We plotted the Twitter emotions by labels which are the format of the original dataset. The data is most skewed towards sadness and joy, with the other emotions being much less represented.

Reddit

We plotted both the Reddit emotions by original labels, Ekman labels, and our adjusted Twitter-labels. The Reddit data is most skewed towards “neutral” comments.

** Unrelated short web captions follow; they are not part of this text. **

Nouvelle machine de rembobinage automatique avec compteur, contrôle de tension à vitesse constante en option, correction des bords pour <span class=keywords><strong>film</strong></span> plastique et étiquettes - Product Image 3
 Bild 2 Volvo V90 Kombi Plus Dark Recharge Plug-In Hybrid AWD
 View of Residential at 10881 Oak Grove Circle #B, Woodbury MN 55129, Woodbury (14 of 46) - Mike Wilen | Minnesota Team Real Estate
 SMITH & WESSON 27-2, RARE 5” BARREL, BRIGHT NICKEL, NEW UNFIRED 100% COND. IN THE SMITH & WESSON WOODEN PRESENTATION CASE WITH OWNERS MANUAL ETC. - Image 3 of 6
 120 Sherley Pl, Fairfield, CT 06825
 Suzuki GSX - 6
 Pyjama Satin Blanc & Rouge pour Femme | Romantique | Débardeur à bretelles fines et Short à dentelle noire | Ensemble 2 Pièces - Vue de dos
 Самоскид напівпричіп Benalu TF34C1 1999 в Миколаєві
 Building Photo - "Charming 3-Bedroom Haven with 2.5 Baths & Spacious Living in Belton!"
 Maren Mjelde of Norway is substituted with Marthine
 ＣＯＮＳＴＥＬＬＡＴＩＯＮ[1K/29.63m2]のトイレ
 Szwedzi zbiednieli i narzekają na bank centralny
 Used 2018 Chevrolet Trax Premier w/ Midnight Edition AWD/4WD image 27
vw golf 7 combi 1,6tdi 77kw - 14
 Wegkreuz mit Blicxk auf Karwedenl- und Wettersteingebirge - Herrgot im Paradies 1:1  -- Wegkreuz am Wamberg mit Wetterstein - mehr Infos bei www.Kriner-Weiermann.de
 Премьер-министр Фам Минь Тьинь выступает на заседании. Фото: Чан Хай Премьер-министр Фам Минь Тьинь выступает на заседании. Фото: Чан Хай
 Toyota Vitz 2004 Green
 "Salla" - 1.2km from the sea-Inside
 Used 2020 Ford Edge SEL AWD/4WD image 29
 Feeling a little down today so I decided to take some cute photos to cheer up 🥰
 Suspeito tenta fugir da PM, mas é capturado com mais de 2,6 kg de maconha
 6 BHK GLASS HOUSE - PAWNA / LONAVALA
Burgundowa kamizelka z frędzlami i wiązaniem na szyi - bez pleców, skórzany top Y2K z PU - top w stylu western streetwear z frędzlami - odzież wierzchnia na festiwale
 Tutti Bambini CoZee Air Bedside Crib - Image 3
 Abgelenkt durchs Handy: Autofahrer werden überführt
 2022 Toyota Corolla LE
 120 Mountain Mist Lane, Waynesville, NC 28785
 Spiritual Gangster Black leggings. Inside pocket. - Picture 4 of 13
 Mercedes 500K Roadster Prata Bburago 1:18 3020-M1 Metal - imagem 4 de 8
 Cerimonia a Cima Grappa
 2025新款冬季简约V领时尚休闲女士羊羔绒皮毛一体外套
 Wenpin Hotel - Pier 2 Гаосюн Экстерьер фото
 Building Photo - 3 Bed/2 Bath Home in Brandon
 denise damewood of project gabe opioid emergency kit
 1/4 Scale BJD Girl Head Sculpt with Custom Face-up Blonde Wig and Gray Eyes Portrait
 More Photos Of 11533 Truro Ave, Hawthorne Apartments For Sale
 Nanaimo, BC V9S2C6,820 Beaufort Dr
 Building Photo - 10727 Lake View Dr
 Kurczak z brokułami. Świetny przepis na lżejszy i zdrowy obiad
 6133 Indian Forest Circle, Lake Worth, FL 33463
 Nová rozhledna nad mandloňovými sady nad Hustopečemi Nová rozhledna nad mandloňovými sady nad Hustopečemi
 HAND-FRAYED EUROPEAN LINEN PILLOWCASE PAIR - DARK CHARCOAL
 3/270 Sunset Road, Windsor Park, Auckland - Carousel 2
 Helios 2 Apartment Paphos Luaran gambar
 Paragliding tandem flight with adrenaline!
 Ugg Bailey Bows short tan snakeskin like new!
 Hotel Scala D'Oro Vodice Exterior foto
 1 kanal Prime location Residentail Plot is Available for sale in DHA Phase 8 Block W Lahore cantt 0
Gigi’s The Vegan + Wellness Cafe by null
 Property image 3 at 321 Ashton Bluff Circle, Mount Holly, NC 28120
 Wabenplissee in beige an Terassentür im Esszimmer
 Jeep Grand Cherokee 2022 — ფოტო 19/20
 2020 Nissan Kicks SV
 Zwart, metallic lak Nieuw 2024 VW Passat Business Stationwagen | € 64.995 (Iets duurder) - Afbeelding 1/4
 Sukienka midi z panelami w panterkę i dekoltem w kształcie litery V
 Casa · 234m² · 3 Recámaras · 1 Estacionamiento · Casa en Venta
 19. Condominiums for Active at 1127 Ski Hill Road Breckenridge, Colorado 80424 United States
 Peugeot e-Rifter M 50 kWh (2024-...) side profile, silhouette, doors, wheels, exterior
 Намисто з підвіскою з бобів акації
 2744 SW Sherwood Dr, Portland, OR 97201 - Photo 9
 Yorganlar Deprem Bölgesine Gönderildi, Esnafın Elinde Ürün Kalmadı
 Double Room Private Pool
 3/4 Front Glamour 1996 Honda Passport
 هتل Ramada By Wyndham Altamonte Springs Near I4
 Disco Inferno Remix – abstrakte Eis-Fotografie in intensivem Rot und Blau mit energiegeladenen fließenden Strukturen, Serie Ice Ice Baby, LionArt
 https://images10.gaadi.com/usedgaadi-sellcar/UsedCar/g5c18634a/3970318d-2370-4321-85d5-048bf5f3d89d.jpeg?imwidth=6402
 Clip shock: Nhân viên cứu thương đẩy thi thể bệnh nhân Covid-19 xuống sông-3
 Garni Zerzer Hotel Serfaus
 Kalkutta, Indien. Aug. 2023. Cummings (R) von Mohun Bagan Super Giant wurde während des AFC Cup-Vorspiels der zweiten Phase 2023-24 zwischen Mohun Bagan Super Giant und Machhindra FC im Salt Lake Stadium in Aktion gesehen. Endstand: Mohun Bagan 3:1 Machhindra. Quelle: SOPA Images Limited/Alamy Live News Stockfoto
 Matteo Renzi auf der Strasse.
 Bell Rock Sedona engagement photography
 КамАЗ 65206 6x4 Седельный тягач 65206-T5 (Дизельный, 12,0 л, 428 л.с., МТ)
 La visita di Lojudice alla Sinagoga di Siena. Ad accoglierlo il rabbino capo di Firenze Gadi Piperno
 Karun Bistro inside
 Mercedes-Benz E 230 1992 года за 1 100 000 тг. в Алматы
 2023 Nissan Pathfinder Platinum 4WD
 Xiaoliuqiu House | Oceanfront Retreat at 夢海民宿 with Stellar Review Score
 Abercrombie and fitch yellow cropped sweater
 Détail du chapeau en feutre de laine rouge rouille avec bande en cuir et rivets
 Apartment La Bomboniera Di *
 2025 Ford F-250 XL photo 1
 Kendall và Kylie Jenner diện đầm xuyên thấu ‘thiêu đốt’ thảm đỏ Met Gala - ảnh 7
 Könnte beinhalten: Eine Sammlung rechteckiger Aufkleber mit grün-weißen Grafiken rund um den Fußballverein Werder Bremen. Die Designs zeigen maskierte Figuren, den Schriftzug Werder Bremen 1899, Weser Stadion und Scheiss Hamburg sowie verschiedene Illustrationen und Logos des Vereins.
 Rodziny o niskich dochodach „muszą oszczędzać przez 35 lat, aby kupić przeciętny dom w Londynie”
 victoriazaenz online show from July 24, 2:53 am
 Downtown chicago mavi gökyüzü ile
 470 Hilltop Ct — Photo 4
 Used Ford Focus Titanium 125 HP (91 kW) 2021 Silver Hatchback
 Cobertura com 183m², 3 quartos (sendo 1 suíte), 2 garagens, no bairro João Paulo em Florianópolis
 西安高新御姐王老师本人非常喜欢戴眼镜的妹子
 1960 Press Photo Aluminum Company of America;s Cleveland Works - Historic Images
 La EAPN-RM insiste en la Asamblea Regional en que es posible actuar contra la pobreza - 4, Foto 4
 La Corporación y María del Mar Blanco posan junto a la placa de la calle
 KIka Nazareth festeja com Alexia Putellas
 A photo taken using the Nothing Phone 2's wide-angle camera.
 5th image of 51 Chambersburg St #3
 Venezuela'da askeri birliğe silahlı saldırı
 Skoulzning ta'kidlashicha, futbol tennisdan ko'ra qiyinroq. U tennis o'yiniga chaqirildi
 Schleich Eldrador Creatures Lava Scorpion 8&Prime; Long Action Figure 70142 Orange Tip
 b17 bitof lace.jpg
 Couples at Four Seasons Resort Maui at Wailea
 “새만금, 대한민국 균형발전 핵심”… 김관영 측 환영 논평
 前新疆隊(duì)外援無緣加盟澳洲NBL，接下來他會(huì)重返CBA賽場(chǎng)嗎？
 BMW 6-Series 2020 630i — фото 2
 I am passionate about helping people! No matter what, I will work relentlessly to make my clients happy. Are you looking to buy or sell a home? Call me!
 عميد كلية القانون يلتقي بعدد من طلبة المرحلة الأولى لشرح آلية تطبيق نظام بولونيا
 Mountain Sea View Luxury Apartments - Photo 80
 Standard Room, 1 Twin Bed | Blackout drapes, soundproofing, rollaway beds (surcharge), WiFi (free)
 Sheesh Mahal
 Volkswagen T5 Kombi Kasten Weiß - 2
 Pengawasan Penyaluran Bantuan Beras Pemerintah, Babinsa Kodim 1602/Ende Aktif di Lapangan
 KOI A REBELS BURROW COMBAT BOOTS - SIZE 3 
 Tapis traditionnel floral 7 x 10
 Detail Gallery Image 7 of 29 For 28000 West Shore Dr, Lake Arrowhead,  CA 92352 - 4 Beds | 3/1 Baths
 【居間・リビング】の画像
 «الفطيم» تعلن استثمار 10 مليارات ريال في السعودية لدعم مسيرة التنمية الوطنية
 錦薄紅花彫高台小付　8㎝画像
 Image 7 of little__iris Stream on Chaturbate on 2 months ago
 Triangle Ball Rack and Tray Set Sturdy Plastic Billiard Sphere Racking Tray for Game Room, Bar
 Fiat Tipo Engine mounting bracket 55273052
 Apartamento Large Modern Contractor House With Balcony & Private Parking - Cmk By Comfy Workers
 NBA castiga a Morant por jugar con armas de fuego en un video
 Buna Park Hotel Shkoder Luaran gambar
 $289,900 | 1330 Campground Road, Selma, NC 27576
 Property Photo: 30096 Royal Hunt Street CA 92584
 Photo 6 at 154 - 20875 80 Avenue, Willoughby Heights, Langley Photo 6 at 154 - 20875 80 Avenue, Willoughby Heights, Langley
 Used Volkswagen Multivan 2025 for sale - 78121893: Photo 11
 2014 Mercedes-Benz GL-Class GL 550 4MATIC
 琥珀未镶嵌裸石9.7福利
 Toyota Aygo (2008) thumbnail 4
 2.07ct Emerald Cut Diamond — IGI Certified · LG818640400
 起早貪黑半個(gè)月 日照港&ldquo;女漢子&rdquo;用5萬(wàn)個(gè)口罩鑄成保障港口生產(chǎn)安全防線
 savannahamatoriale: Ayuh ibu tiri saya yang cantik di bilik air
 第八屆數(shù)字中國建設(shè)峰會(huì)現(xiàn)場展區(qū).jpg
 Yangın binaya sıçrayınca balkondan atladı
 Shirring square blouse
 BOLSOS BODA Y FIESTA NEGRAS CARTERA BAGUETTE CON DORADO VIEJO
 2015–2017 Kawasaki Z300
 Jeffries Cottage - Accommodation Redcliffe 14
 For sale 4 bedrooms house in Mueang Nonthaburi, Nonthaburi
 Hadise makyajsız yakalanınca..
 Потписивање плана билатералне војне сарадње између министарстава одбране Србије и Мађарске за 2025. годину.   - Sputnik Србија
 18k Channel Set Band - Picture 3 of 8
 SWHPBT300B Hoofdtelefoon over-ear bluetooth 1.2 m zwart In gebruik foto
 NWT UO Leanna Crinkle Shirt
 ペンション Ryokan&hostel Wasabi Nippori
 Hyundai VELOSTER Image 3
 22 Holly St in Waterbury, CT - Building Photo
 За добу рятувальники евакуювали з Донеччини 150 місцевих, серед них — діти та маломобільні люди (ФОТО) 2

We initially believed this to be the case because many Reddit comments are simply explanatory and cannot be assigned a particular emotion.

Upon converting the emotions to their Ekman mapping, it becomes clear that there are overall more “joy” labels than neutral.

We have also plotted the updated counts excluding any Reddit comments that originally contained a “neutral label.” This change slightly affects the distribution of other labels, since some comments contained “neutral” with some other label.

Finally, converting the labels from Ekman to Twitter-dataset labels evened out the distribution, which should make our analysis more effective, as a result of splitting the “joy” labels into “joy” and “love.”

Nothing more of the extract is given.